Skyscraper Chip to boost computing speed

Skyscraper Chip to boost computing speed
The Silicon Review
15 December, 2015

According to researchers led by Stanford’s Mohamed M. Sabry Aly, Subhasish Mitra and HS Philip Wong, your next PC could house a “skyscraper” of computer chips. The idea is to stack application processors, memory modules, and other components one on top of the other in “a revolutionary new high-rise architecture for computing,” according to the Stanford News Service.

Such an “electronic super-device” using the team’s Nano-Engineered Computing Systems Technology, or N3XT, could power a computer which combines “higher speed with lower energy use [to] outperform conventional approaches by a factor of a thousand,” Wong told Stanford’s news journal.

The researchers said that stacking chips has long been seen as a viable path towards building a more efficient, powerful computing architecture than the current template, which lays out and connects components on a flat board, like “single-story structures in a suburb”. But building a “skyscraper” of chips has thus far proven difficult using silicon-based integrated circuits (ICs), which are tough to connect reliably in a stacked structure.

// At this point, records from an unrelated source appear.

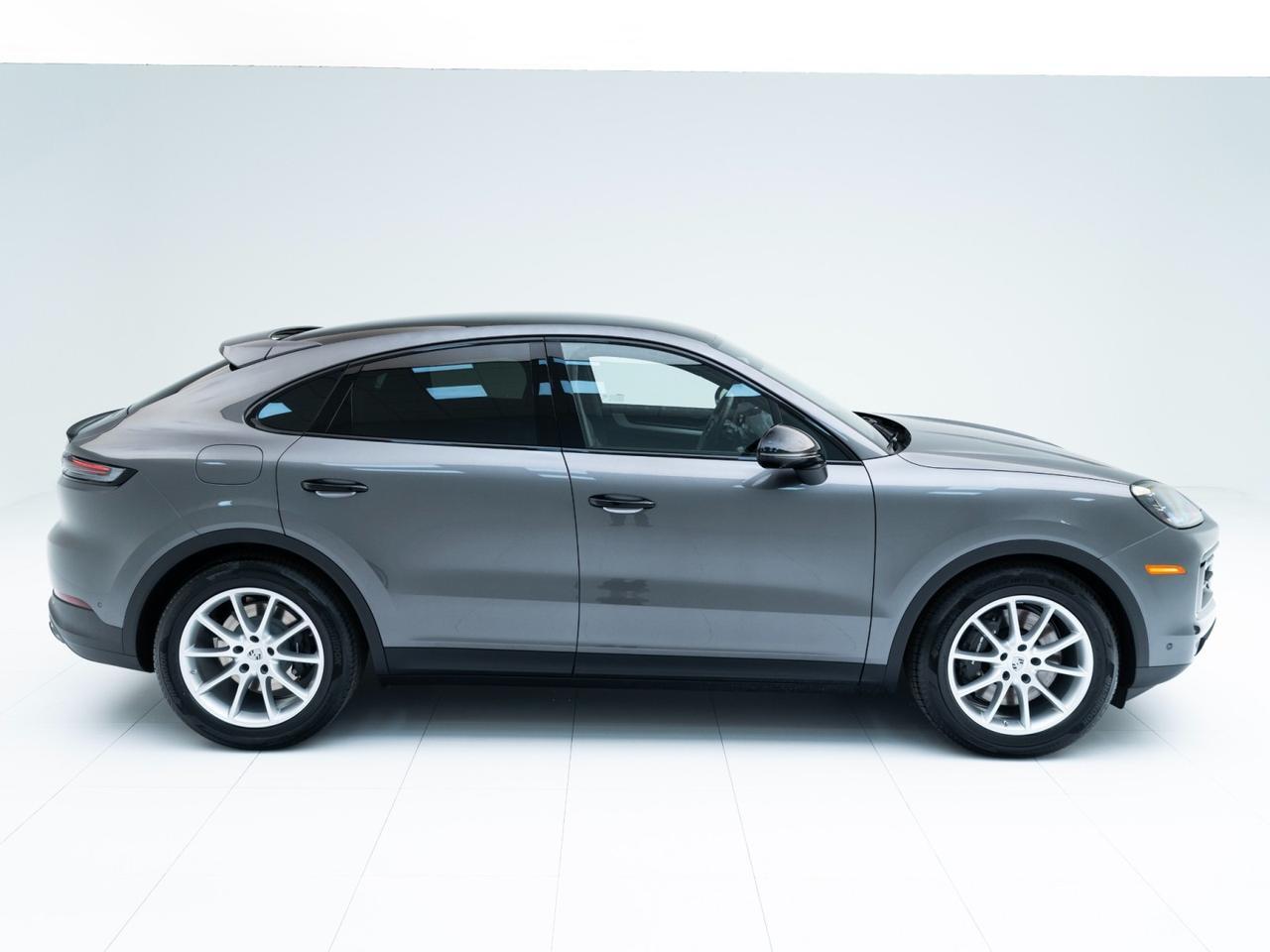 2026 Porsche Cayenne Coupe Pompano Beach FL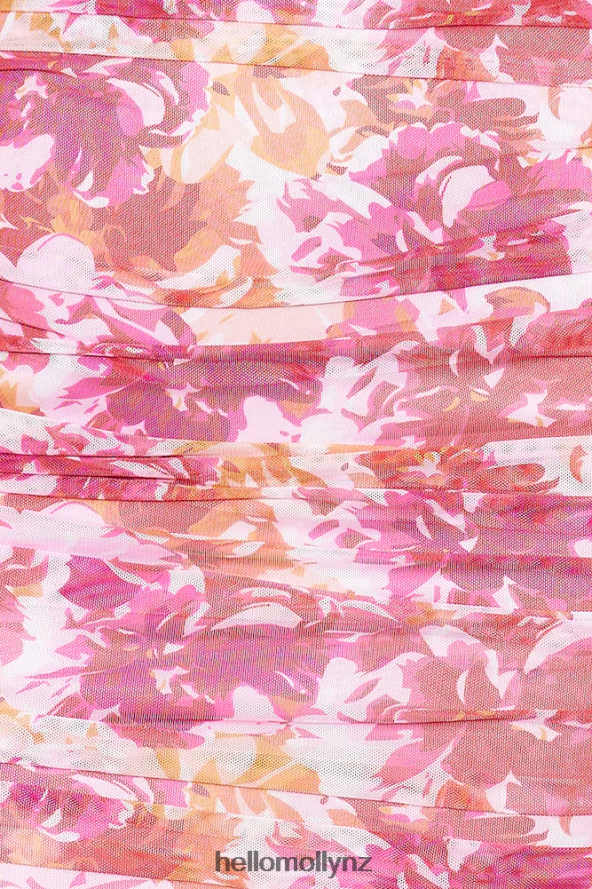 Hello Molly Party Passion Mini Dress Pink PBN8861348 Clothing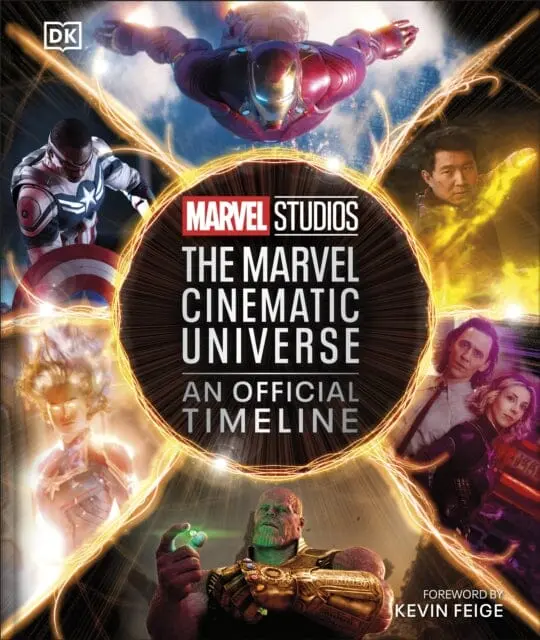 Marvel Studios The Marvel Cinematic Universe An Official Timeline By Anthony Breznican 1
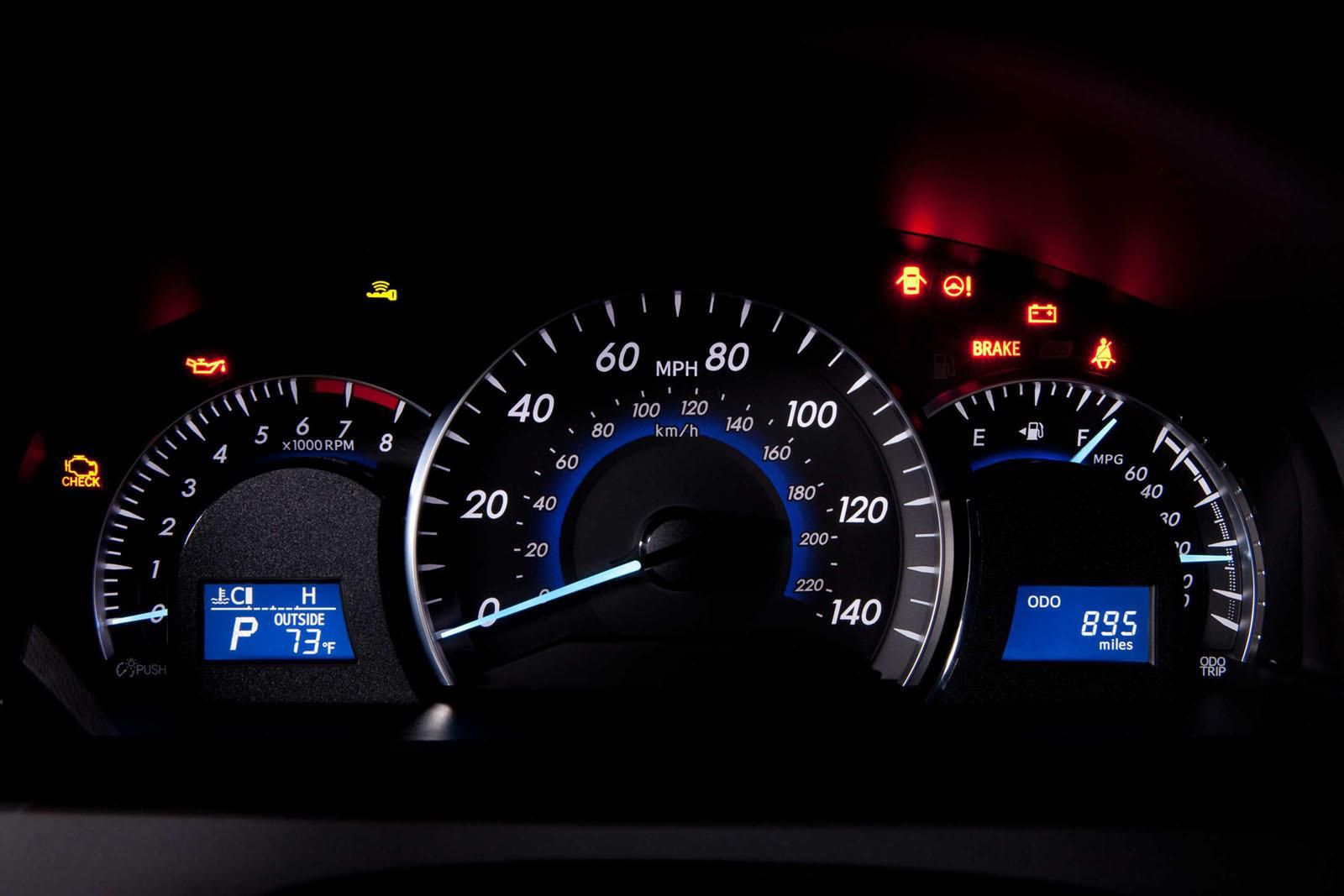 Toyota Camry 2012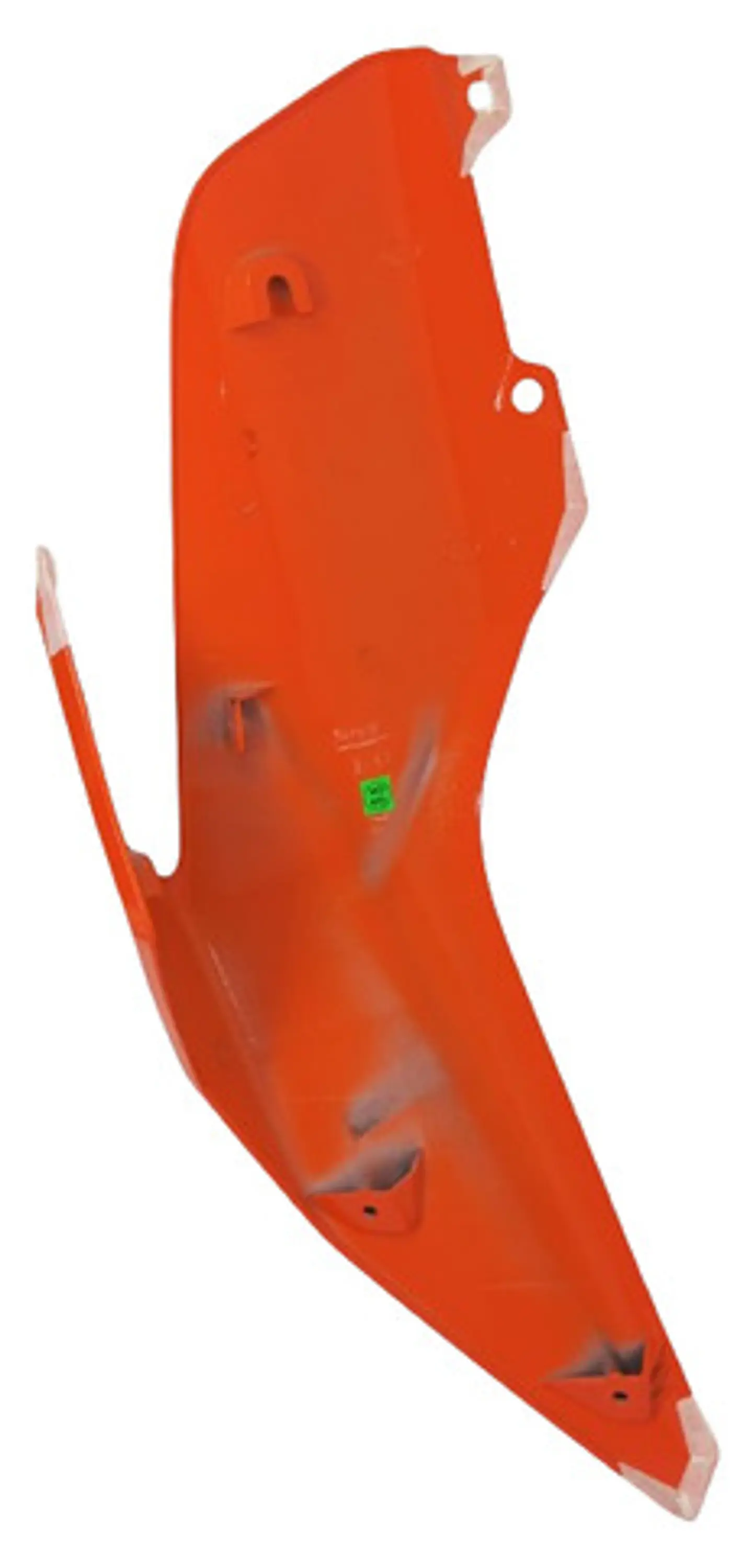 Cubierta Tanque Derecho Naranja Ktm Duke 200 Original Nuevo 3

Sabry Aly, Mitra, Wong, and their colleagues believe they’ve figured out a way around such issues using “new nano-materials” to construct stacked computer chips in place of traditional silicon ICs. Dubbed Nano-Engineered Computing Systems Technology, or N3XT, involves building carbon nanotube transistors (CNTs) in a stacked arrangement. The upshot is that instead of the relatively limited number of wires connected stacked silicon chips, a N3XT device could employ “millions of electronic elevators that can move more data over shorter distances that traditional wire, using less energy,” per the researchers.

Instead of adding traditional wires to connect stacked chips in a N3XT system, communication between components is built in during the actual process of fabrication. Since CNTs can be created at much lower temperatures than silicon-based transistors, it’s possible to build components on top of each other, like a processor on a memory module, while maintaining the integrity of those tiny “electronic elevators,” the researchers noted. Silicon ICs, on the other hand, have to be fabricated separately from each other and then stacked in “3D” arrangements later, which precludes integrating those interconnects from the get-go.